Rip Panel Saw: Finished

Progress on my new little saw was puttering along, but with the nightstand finished, I found the time to proceed. The handle was done, the sawplate was pretty much to size but not toothed or sharpened, and then there was the matter of the hardware. I decided to tackle this last matter first.

I wanted to do something a little special for this project because the handle is a more traditional style. However, I still wanted to use the furniture connectors that I’d used for my other saws because, well, I like them. Some time ago, and somewhere in the dark corners of my mind, I began to think of a plan to spice up those things. And out of whatever means, I came up with a ridiculous scheme to make sort of a pseudo-lathe out of an eggbeater drill.

The following is what happens when you do unholy things to a Millers Falls #2:

A few notes on this hand-cranked bit of absurdity:

  • I removed the side handle (seen in the back above) and bolted this through a spacer and a dog hole with a threaded rod and a wingnut.
  • I used the hacksawed-off tip of the sawplate for this project as a washer underneath. Turns out that the hang hole is useful for something!
  • The connector bolt is chucked directly into the drill.
  • I used a pretty coarse file for sizing the head, and a finer one for polishing.
  • The calipers were really handy for getting a consistent size.

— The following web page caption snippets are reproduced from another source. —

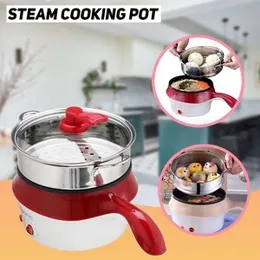 Steam Cooking Pot (P00558)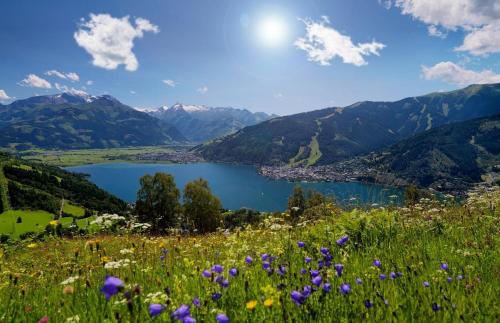 CityAppartement by Sporthotel Alpin - SelfCheckin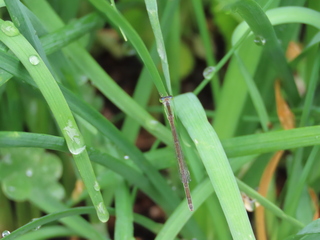 Ischnura asiatica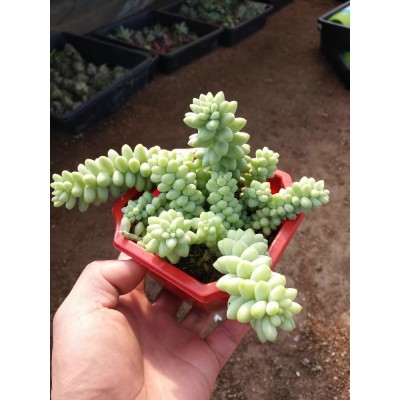 玉坠 多肉植物新玉缀 玉帘 新玉坠 新玉串 景天科多肉植物小盆栽图5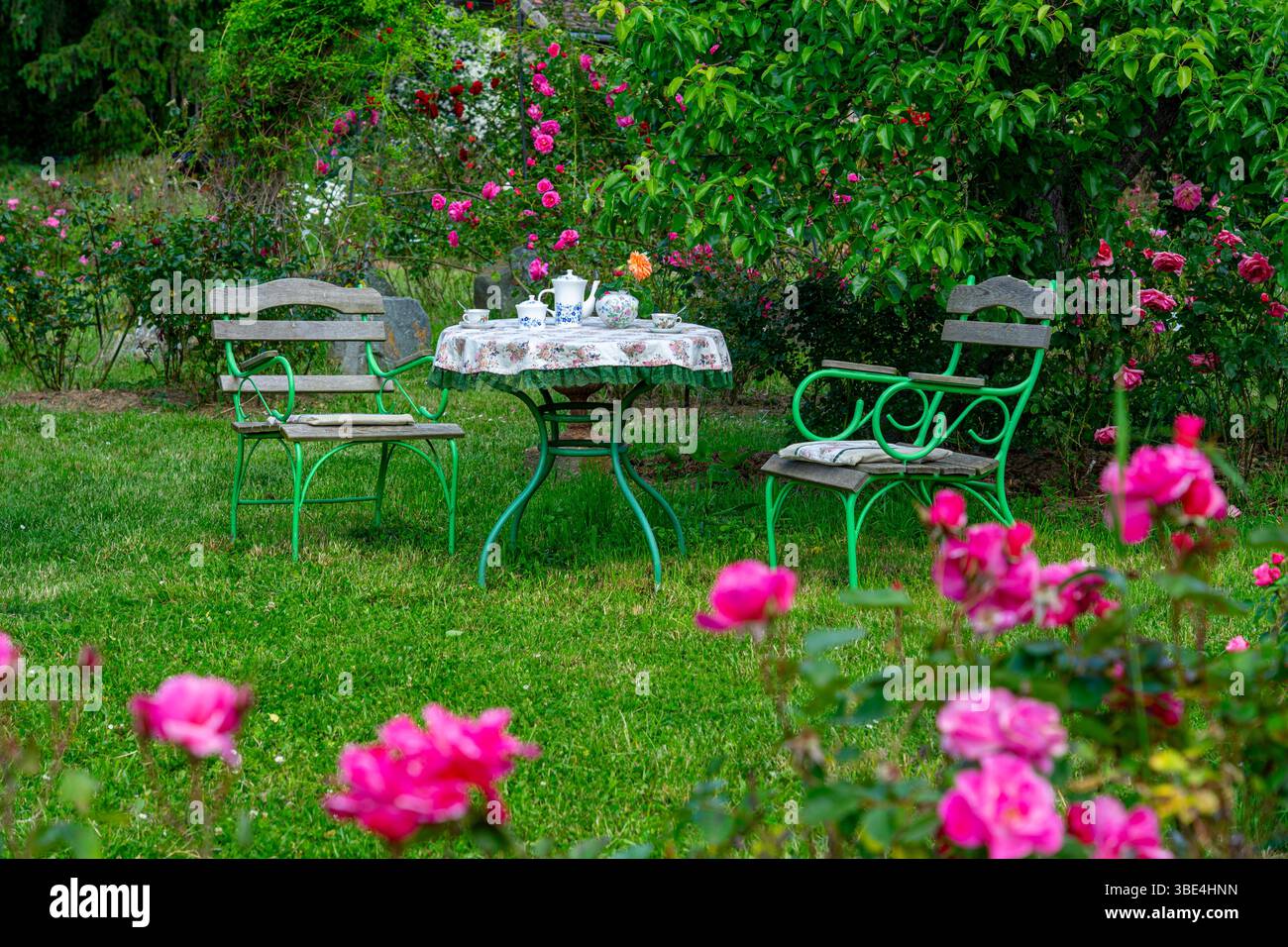 Ein ruhiges Bild eines charmanten Gartens mit einem Tisch für Tee inmitten blühender Rosen und Grün, der Ruhe und Freizeit weckt. Stockfoto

I don’t know why this worked, but it was surprisingly effective. Here’s the transformed hardware (with an original nut next to the handle in the background):

It turns out that the “antique bronze” finish had a bit of copper plating underneath, and when I put some very fine-grit sandpaper to the head while it was turning in the drill, it exposed a decent-looking surface.

Notice that one of the nuts and one of the bolts have bigger heads. Those are my “medallions” to match the original. Although, I suppose that if I were being ultra-correct, I’d size the bolt down to the other ones because the bolts on saws are all the same size. Meh, too much work now–I should have thought about that sooner.

I sprayed a protective coat of lacquer on the hardware and then set out to finish the sawplate. For whatever reason, it took me longer to sharpen this one because it was difficult to get past the remnants of the original teeth. Maybe I wasn’t paying attention. Then I sized up the heel of the plate, drilled the holes for the hardware (with that same eggbeater), and put it together. It was finished:

It’s a little difficult to get a sense of scale from the preceding photo. This is a small saw, having just a 16″ blade. Here’s a photo of how it compares in size to my 28″ No. 7:

And here’s a close-up of the handle, showing the ray pattern of the nearly-quartersawn pacific madrone that it’s made from, as well as how that goes with the hardware (if it actually goes):

I guess this is all fine and good, except there’s one question that I might not have answered so well: What’s this silly little thing used for?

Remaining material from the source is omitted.